Difference between ODBC and OCI connections

This is basic as we all are aware that OBIEE supports both ODBC and OCI, most importantly we can use both to connect to a Oracle DB. But oracle suggests us to use OCI when we connect to a Oracle DB, and surprisingly we do it. The big question here is WHY ?

Let us now see what each of them are and then how they are different.

ODBC:- Open DataBase Connectivity, which is known as Universal Data Connector.
OCI:- Oracle Call Interface,Normally connects to Oracle Source.

Hence, both can connect to Oracle Sources.If we are using ODBC to connect Oracle source then we need to give ODBC connection details in the machine from which we are connecting. However OCI is a Native Connection, which doesnt require having ODBC Connection in the machine.
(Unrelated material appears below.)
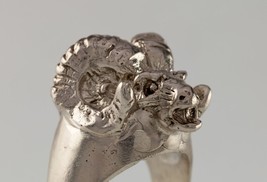 Ram Head Sterling Silver Ring Size 8.5 - £100.42 GBP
To the question WHY OCI ? following are the reasons:


  • OCI is optimized for queries. Transparent prefetch buffers reduce round-trips and improve performance and scalability. As a result, there is reduced memory usage on the server.
  • OCI is optimized for round-trips. No-reply requests are batched until the next call is generated for the server. This allows certain calls to be lazily propagated.
  • OCI is thread safe. You do not need to mutex (use mutual exclusivity locks) any of the OCI handles. ODBC is not thread safe, so you have to mutex most data structures.
  • OCI provides an asynchronous event notification API for active databases.
  • OCI provides enhanced array data manipulation language (DML) operations that reduce round-trips.
  • OCI returns ROWIDs for all rows selected for update in a single round-trip. Using ROWID allows for more efficient SQL access.
  • ODBC has no concept of sessions. OCI decouples connections, sessions and transactions. Multiple users can use a single connection; they get serialized on the connection for SQL operations. Multiple transactions can exist per user. This allows users to scale and service more users than there are connections available. Sessions and transactions can be migrated between connections to the same server.
  • ODBC does not support object types, large objects (LOBs), and other new Oracle datatypes.
  • ODBC affects server scalability. Using ODBC and having n number of concurrent users forces the server to have n number of processes service the clients if Oracle8i is operating in dedicated server mode. Your operating system may or may not support so many connections and processes.
  • ODBC is a wrapper around OCI so it is slower.